Yet despite this transformed political landscape, new data reveals that 201 of the 500 companies and financial institutions with the most influence on tropical deforestation (40%) still haven’t set a single policy on deforestation.
Each year Global Canopy’s Forest 500 assesses the 350 companies with the greatest exposure to forest-risk commodities – palm oil, soy, beef, leather, timber and pulp and paper – and the 150 financial institutions providing the most finance to these companies through loans and underwriting, bond holdings and shareholdings. These are the organisations not only with the greatest exposure, but the greatest opportunity to drive change through forest-risk supply chains.
More companies have commitments, but few are taking sufficient action to deliver on them
One hundred companies (29%) now have a deforestation commitment in place for all of the commodities to which they are exposed, including Unilever and Sainsbury’s.
But only half of these are actively monitoring their suppliers or sourcing regions in line with these policies – an essential step to deliver on headline commitments.
Worse, 109 companies (31%) still have no deforestation commitments for any of the commodities to which they are exposed, including companies such as VW Group and Deichmann Group, Europe’s largest shoe retailer.
145 of the 350 companies assessed (41%) have public commitments to net zero by 2050 at the latest – five times more than three years ago. Yet Global Canopy found that 98% of these companies (142) are on track to miss this target due to insufficient action on deforestation. These include household names such as Amazon, Carrefour, Starbucks and IKEA.
“It is now universally accepted that ending tropical deforestation is pivotal to meeting vital global goals on both climate and nature. It is remarkable that while a great many of the companies in the Forest 500 have ambitious net zero targets, almost all of those risk missing them because of inaction on deforestation.
Meanwhile the Global Biodiversity Framework agreed in Montreal represents huge progress. But those companies now putting up their hands to lead on tackling nature risk cannot be taken seriously if – as so many are – they are already failing to act on deforestation.
Deforestation is often associated with human rights abuses, including land grabbing, threats and violence. As such it is also deeply concerning that 90% of the companies without a single deforestation commitment also have no public commitments for associated human rights abuses.”Niki Mardas, Executive Director, Global Canopy
See related article: CDP Data Shows Less Than One in 200 Companies Have Credible Climate Plans
Financial institutions are woefully behind
Investing in companies exposed to deforestation presents financial, material and reputational risks to the finance sector, yet financial institutions are even further behind in eliminating deforestation from their portfolios.
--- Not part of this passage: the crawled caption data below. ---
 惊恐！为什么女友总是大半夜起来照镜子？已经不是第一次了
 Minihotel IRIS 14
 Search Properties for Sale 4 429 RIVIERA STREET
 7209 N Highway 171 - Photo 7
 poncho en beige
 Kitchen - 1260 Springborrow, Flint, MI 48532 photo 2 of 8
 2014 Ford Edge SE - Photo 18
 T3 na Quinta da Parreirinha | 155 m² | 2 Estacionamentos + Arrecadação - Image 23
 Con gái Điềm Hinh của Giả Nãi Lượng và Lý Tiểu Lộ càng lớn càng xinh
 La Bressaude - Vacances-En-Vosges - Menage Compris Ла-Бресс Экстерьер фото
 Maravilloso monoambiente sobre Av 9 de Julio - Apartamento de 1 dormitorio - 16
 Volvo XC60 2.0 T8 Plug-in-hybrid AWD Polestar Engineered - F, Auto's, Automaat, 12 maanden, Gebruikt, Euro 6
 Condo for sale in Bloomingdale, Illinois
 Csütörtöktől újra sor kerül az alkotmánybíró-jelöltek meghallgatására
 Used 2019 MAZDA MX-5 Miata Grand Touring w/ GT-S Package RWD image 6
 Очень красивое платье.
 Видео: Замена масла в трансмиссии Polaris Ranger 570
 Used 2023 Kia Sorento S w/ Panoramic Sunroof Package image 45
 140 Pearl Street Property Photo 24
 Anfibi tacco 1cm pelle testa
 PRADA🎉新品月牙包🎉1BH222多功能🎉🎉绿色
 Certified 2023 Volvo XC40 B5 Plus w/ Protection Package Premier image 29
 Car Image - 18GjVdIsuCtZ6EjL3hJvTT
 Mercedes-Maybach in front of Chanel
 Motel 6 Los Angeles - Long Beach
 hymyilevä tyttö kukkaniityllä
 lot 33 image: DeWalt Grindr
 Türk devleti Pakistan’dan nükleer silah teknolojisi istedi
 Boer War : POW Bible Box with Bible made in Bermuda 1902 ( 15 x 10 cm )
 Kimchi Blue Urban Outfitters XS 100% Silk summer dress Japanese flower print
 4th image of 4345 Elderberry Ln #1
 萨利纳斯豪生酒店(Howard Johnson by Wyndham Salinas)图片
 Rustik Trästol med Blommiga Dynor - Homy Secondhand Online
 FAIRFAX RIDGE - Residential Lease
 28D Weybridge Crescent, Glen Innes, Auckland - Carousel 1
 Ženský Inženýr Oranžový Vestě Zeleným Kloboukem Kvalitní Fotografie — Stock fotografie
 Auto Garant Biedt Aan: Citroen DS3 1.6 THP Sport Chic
Ninety-two of the 150 financial institutions in the Forest 500 (61%) have no deforestation policies for any commodities, almost unchanged from last year (63%). These include the ‘Big Three’ asset managers, BlackRock, Vanguard and State Street.
Some $6.1 trillion flowed from Forest 500 financial institutions to Forest 500 companies last year, with $527 billion going to companies without a single deforestation commitment. The worst were JP Morgan Chase, Bank of America and Mitsubishi UFJ Financial, who collectively provided $72 billion in finance to Forest 500 companies without any deforestation commitments.
Eleven percent of financial institutions now have a deforestation policy for all forest commodities – up from 7% last year – and more than two thirds of those with policies for all commodities monitor whether their investee companies comply with these policies.
Global Canopy assesses financial institutions against five steps towards eliminating commodity-driven deforestation, conversion, and associated human rights abuses from their portfolios. It finds that 77% are still at the starting line; 21% have completed phase one – understanding risk; two have completed phase two – setting an effective policy for at least one commodity; while no financial institution has completed phase three – monitoring and engagement – or beyond.
Hopes for progress
However, it’s not all doom and gloom. Companies and financial institutions have never had better data, more advanced tools and more detailed guidance (such as Global Canopy’s five-stage Finance Sector Roadmap) to help them eliminate deforestation, conversion and associated human rights abuses.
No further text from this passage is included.